Please restate word for word the lines of the entries below from the one with "woman eating corn with hot dog and cola" to the one with "Foto modelo de", inclusive, and leave out every picture.
Material supplied Block Start
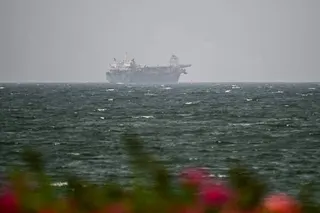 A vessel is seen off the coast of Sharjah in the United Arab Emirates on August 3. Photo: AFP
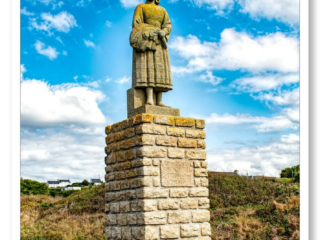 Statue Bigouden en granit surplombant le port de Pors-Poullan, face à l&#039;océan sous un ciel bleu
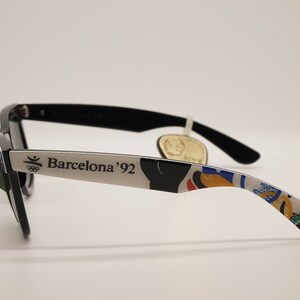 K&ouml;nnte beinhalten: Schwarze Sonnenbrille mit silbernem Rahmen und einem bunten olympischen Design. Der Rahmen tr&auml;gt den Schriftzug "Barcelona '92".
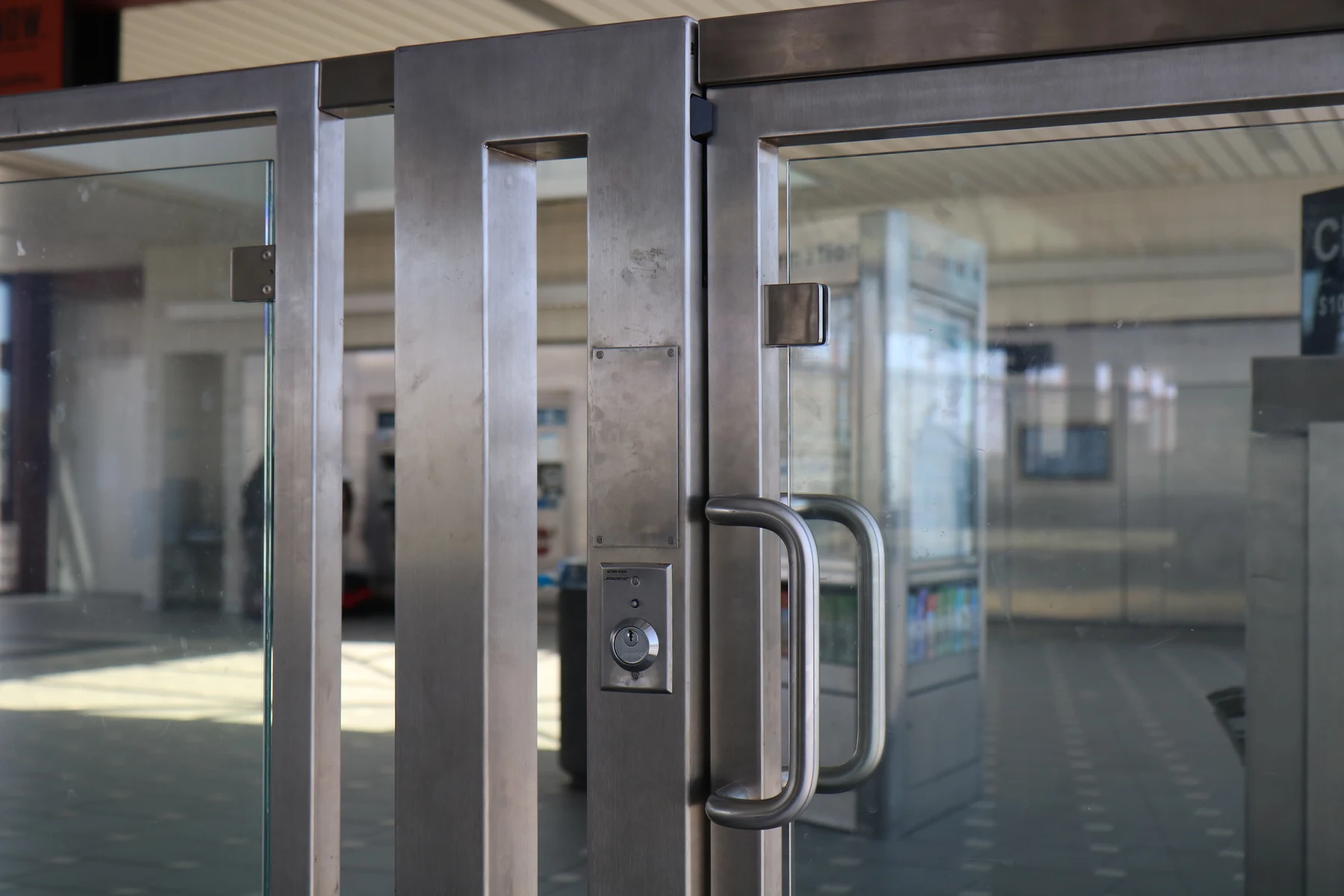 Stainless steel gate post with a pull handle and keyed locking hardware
Material supplied Block End
Material supplied Block Start
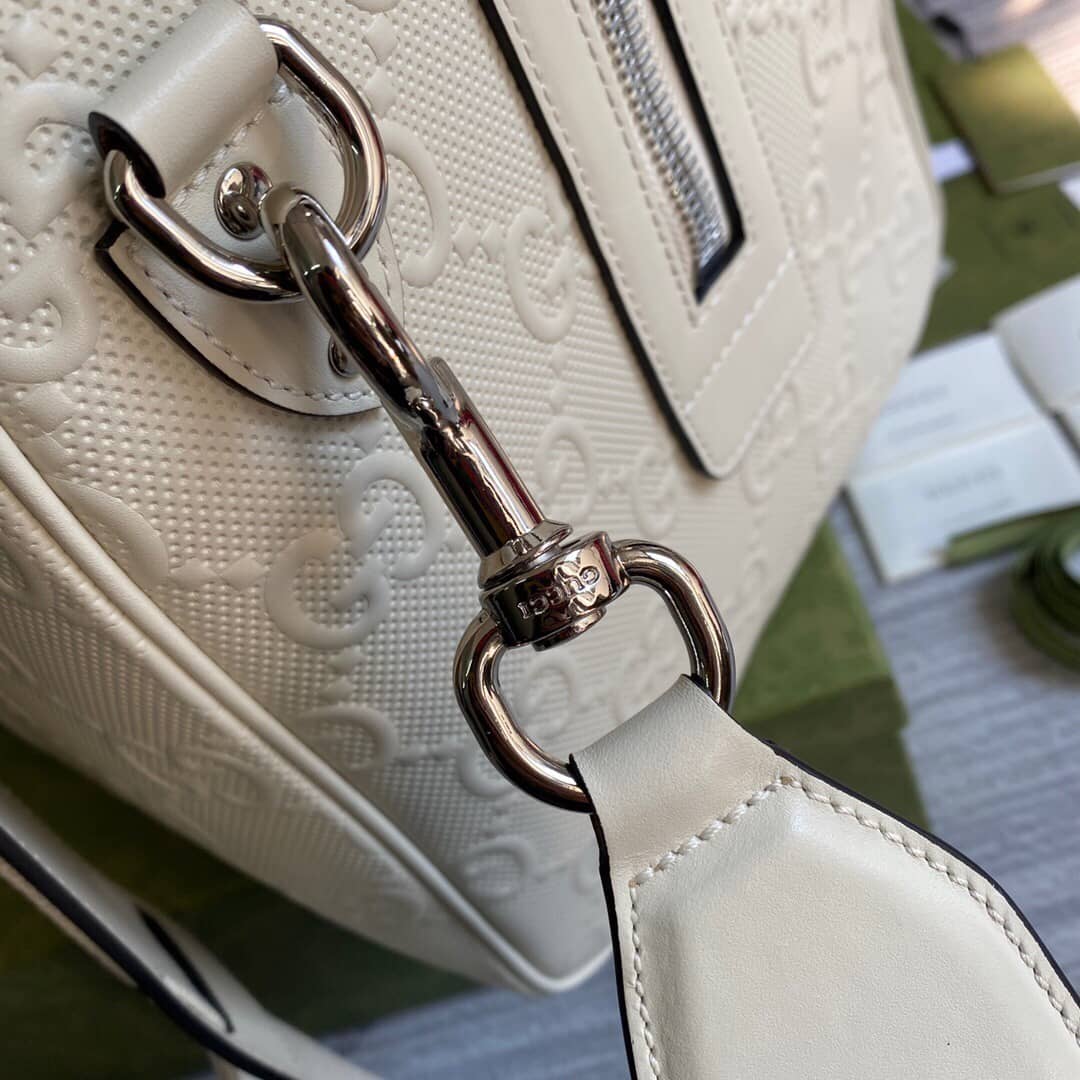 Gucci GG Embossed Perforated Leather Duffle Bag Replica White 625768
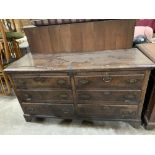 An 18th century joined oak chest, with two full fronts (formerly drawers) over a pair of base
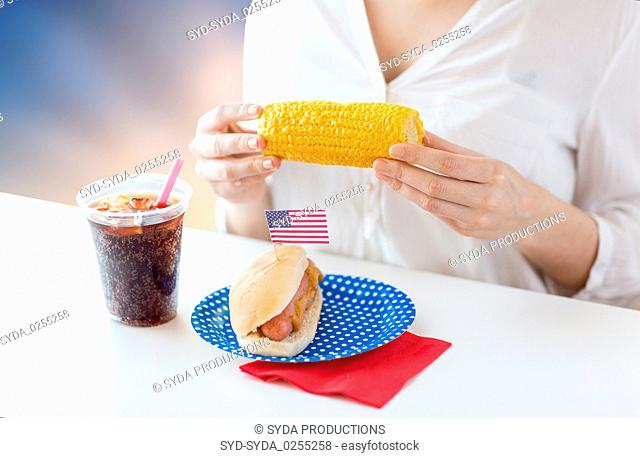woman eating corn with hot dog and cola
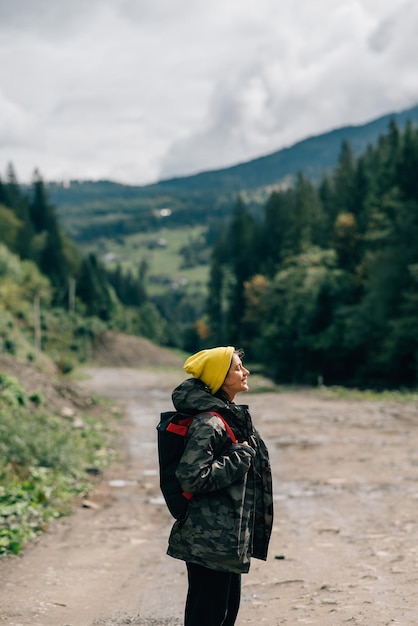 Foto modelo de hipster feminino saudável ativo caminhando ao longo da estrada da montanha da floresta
Material supplied Block End
Material supplied Block Start
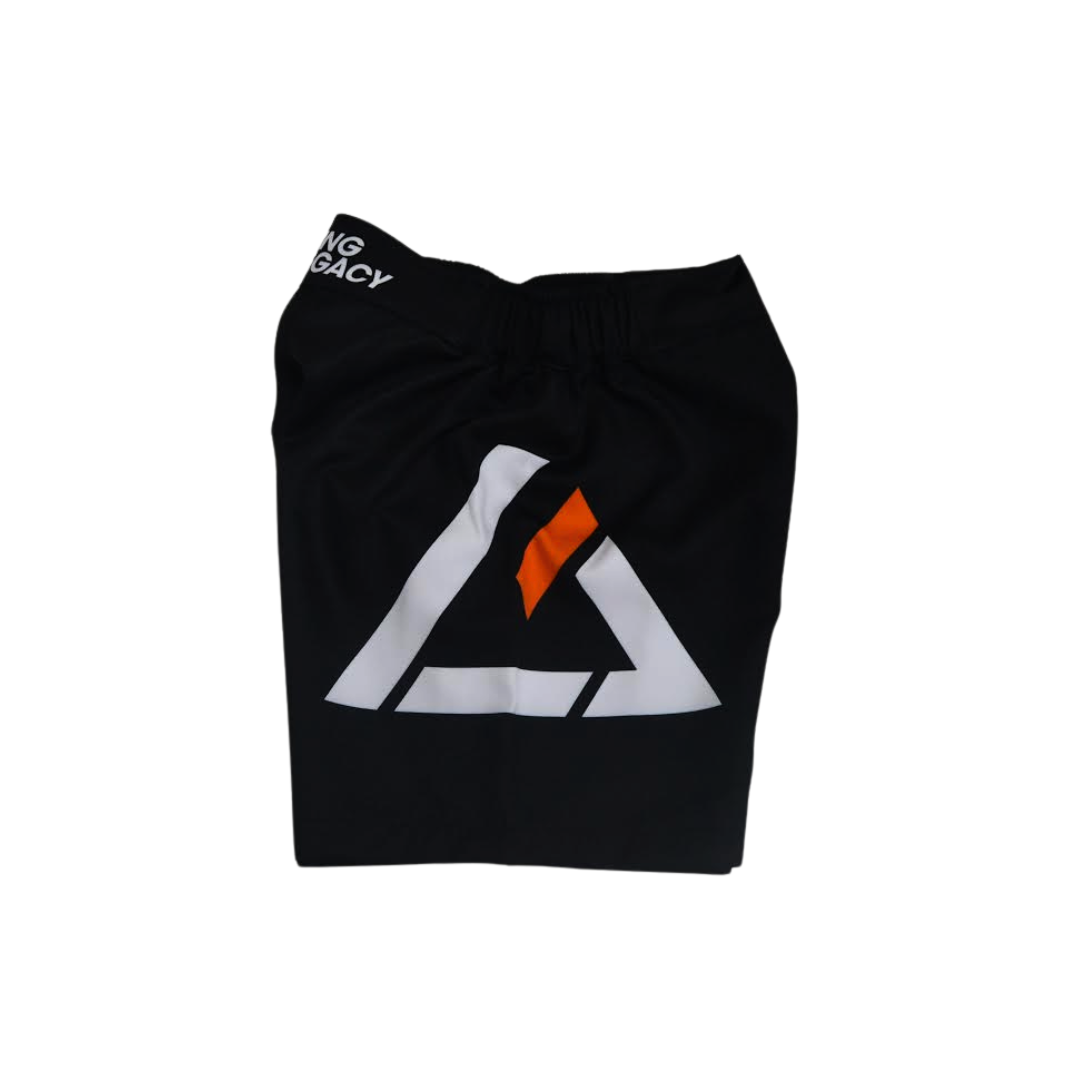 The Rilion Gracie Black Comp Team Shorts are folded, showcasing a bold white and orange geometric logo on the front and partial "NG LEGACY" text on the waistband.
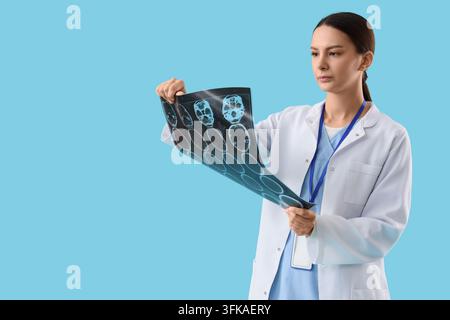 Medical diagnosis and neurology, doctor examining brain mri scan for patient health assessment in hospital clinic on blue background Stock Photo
Material supplied Block End
▶ [Reply to the exercise]
woman eating corn with hot dog and cola
 Foto modelo de hipster feminino saudável ativo caminhando ao longo da estrada da montanha da floresta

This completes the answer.